[Task item]:
Every line below from the one containing "Ученым удалось доказать, что" through the one containing "Vienna, African Elephant, Afrikanischer" is to be printed exactly, with the pictures omitted.

---------- Dataset ----------

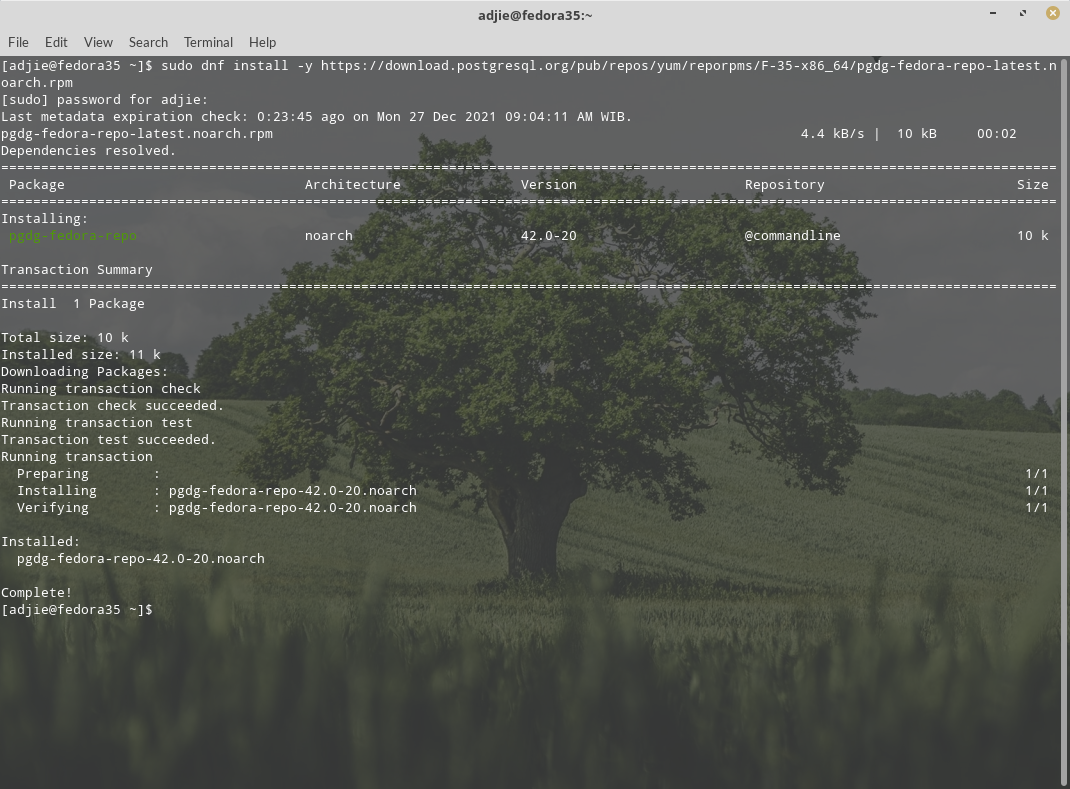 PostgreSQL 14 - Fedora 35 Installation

----------
---------- Dataset ----------

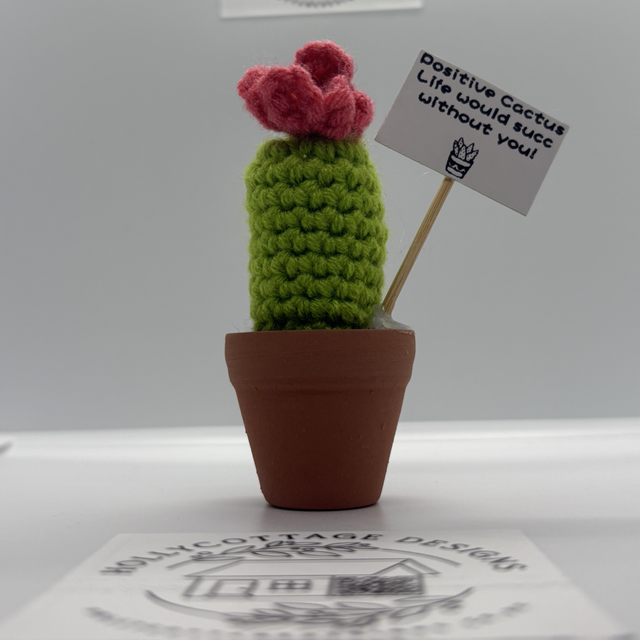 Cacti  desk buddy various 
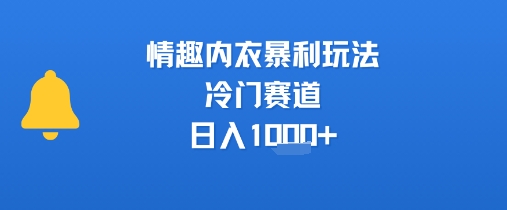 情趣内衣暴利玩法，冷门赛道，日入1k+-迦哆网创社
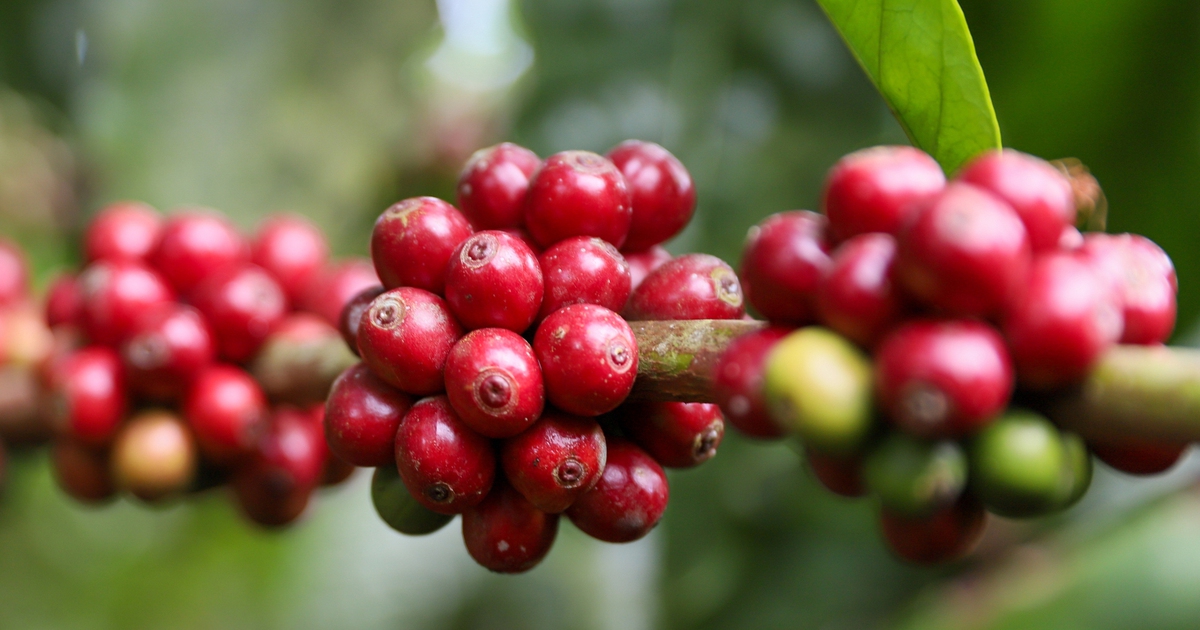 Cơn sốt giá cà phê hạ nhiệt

----------
---------- Dataset ----------

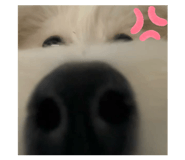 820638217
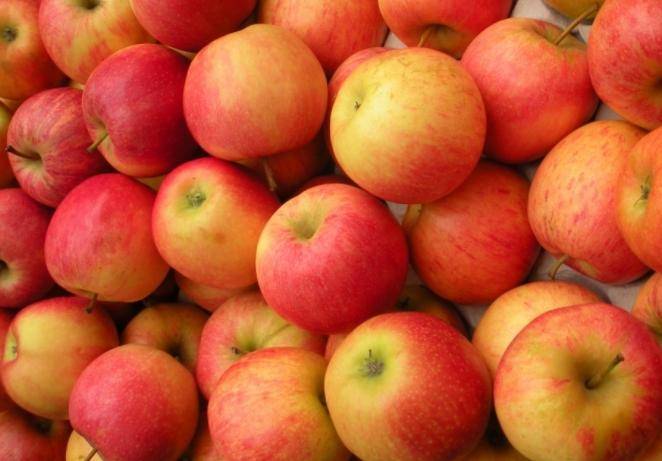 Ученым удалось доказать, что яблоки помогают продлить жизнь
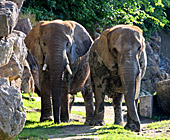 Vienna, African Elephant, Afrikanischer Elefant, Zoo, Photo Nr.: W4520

----------

[Result of this exercise]:
 Ученым удалось доказать, что яблоки помогают продлить жизнь
 Vienna, African Elephant, Afrikanischer Elefant, Zoo, Photo Nr.: W4520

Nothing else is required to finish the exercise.